This leaves just over 10% of stocks underfished – a figure that has decreased almost continually since 1974.
Just 10 species accounted for a quarter of the global marine catch in 2013. But with most of their stocks at or above capacity, there is no room to increase non-farmed production.
Why this matters
Protecting sea life is vital for the future of our planet. In September 2015, it was announced as one of the Global Goals (SDG Number 14 calls for the sustainable use of marine resources).

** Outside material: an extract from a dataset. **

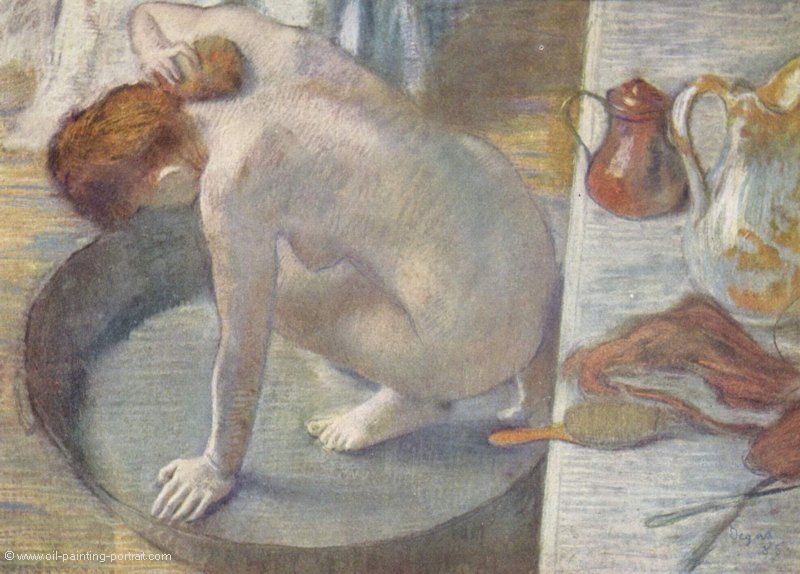 Frau im Zuber, sich den Ruecken waschend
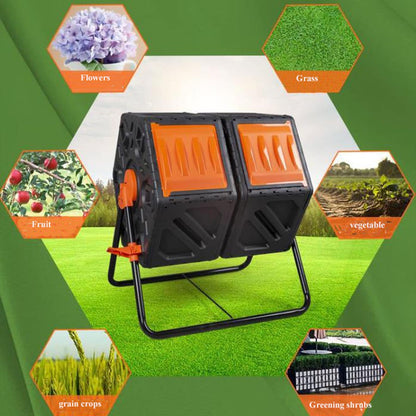 Kitchen Compost Bin, Outdoor Dual Chamber Compost Bin, 31 Gallon Rotating Composter Tumbling with 2 Sliding Doors and Aeration System, Garden Compost Tumbler, BPA Free ,Indoor Compost Bin with Lid ( C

As the global population grows, the availability of diverse food sources will be key to ensuring no one goes hungry. Per capita fish consumption is on the rise: in the 1960s it averaged 9.9kg, and by 2014 it was estimated to have gone beyond 20kg. It remains lower in developing regions, but has been steadily increasing, argue the report’s authors.
Meanwhile, an increasing percentage of fish capture is being used for human consumption – as shown in this chart.
This growth in fish consumption has “enhanced people’s diets around the world through diversified and nutritious food”, says the report.
The rise of fish farms
The world reached a major milestone in 2014, as aquaculture (fish farming) contributed more than wild-caught fish to the supply of fish for human consumption. In contrast, in 1974 it provided just 7% of the total.
As this chart shows, capture (wild-caught) production has remained relatively stable for the last 30 years. However, there has been a surge in aquaculture.
The report argues that much of this growth has been driven by China. It now represents more than 60% of global aquaculture production.
Meeting the increasing demand for fish, in a sustainable way, is an enormous challenge. But, as these three charts highlight, awareness and analysis of the problem is key to overcoming it – for the good of generations to come.